6. Use our maps through the Avenza PDF map app while in the park and never take a wrong turn again.

Fees

Entry fees

Entry and camping fees can be paid at the Flinders Chase Visitor Centre between 9 am and 5 pm (except Christmas Day). Outside opening hours, use the self-registration station available at the entrance to the Visitor Centre. Please bring the correct money as change is not available.

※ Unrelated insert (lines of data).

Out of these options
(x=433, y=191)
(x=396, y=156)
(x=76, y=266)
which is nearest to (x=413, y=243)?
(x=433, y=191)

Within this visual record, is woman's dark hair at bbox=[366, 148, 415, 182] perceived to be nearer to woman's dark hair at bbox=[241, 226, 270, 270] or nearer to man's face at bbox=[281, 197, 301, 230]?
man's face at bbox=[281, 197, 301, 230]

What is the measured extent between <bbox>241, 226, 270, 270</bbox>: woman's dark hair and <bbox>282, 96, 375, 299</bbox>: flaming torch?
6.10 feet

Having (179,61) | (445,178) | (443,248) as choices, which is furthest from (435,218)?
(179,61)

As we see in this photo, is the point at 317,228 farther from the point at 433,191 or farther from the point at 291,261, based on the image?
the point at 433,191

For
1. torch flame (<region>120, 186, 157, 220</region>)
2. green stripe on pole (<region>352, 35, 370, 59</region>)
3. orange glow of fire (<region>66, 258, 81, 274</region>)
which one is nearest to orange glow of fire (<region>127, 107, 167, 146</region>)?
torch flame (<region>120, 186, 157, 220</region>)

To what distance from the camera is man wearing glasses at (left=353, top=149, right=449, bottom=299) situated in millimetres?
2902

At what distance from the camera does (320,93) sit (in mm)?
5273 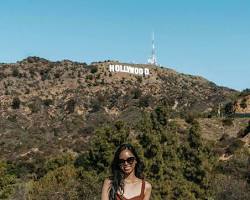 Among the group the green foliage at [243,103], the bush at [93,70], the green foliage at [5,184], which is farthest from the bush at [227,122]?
the bush at [93,70]

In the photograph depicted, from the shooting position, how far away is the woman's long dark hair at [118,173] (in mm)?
5113

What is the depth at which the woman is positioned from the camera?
5.09 metres

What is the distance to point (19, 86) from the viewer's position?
363 ft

Fees collected are used for conservation and to maintain and improve park facilities for your ongoing enjoyment.

Kangaroo Island Tour Pass

Experience some of Kangaroo Islands most iconic sights at a discounted price by purchasing a Kangaroo Island Tour Pass.

Entry Fees

Adult: $11.00
Adult - 2 day pass: $16.00
Concession: $9.00
Concession - 2 day pass: $13.00  
Child: $6.00*
Child - 2 day pass:  $10.00*
Family (2 adults and 2 children OR 1 adult and 3 children): $28.00
Family (2 adults and 2 children OR 1 adult and 3 children) - 2 day pass:  $42.00
Adult group (per adult, min 10 people): $9.00
Child group (per child, min 10 people): $5.00*

* Australian school children receive free entry to Flinders Chase National Park when travelling on a school organised visit.

Park pass

Purchase a Kangaroo Island Tour Pass which offers you 12 months access to Flinders Chase National Park and Seal Bay boardwalk/lookout, as well as admission to the following Kangaroo Island tours:

The Kangaroo Island Tour Pass can only be purchased at selected Parks Pass Outlets.

Camping

Entry and camping fees can be paid at the Flinders Chase Visitor Centre between 9 am and 5 pm (except Christmas Day). Outside opening hours, use the self-registration station available at the entrance to the Visitor Centre. Please bring the correct money as change is not available.

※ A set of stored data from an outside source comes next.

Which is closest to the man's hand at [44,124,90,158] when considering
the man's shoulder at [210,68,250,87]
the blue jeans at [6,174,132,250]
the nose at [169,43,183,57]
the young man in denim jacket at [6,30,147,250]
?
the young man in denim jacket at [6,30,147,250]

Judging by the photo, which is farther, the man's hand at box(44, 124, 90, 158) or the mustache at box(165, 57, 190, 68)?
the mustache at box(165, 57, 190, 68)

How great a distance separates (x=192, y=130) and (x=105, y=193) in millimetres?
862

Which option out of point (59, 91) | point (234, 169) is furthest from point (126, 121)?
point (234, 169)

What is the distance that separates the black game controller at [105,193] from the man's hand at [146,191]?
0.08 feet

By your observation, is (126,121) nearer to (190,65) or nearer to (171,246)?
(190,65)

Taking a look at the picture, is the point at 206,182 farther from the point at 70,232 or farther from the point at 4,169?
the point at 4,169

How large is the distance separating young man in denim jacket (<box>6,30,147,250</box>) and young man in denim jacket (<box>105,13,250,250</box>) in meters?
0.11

If you are planning a trip for a school group or other large group, please ensure you let the park know of your intentions.

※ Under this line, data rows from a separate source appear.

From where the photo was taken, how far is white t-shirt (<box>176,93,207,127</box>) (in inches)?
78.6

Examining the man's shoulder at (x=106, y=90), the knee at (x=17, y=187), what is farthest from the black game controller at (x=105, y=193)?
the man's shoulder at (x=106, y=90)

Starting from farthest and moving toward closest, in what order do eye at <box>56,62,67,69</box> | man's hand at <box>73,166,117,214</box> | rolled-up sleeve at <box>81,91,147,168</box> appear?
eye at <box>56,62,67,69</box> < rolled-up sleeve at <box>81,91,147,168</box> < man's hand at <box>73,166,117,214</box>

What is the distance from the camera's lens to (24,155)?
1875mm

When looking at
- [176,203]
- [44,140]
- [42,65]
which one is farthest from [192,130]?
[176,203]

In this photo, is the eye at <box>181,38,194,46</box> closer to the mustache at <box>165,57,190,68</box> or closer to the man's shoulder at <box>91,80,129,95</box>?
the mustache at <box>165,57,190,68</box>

Harvey's Return, Snake Lagoon and West Bay

Harvey's Return, Snake Lagoon and West Bay campers can access shower facilities at Rocky River for an additional $4.00 per person.

Campsite fees (per night)

Vehicle (max 8 people) - $15
Hikers/cyclists/additional vehicle occupant (per person) - $9
Group camping (20+ people - per person) - $6

Rocky River

Camping fees (per night)

Vehicle (max 8 people): $30.00
Hikers/cyclists/canoeing (per person): $11.00
Group of 20+ hikers/cyclists/canoeing (per person): $5.50

Kangaroo Island Wilderness Trail

Please visit the Kangaroo Island Wilderness Trail website for fee and booking information. 

Accommodation

All accommodation includes linen.

Rocky River - Mays Homestead (sleeps 6)

Price, per night, up to 2 people: $176.00
Additional adult per night: $30.00
Additional child per night: $15.00
(Discount available during off-peak, between 1st May - 31st August)

Minimum stay during peak periods: 2 nights

Rocky River - Postman's Cottage (sleeps 4)*

Price, per night, up to 2 people: $75.00
Additional person per night: $26.00
(Discount available during off-peak, between 1st May - 31st August)

Minimum stay during peak periods: 2 nights

Cape du Couedic - Karatta, Parndana, Troubridge Lodges (each sleeps 7)

Price, per night, up to 2 people: $225.00
Additional adult per night: $30.00
Additional child per night: $15.00
(Discount available during off-peak, between 1st May - 31st August)

Stay for five nights in the park's heritage accommodation and receive a complimentary Kangaroo Island Tour Pass!

Accommodation bookings and enquiries

Phone: (+61 8) 8553 4410
Email: KIParksAccom@sa.gov.au

Other fees and permits

There are no other fees or permits associated with this park.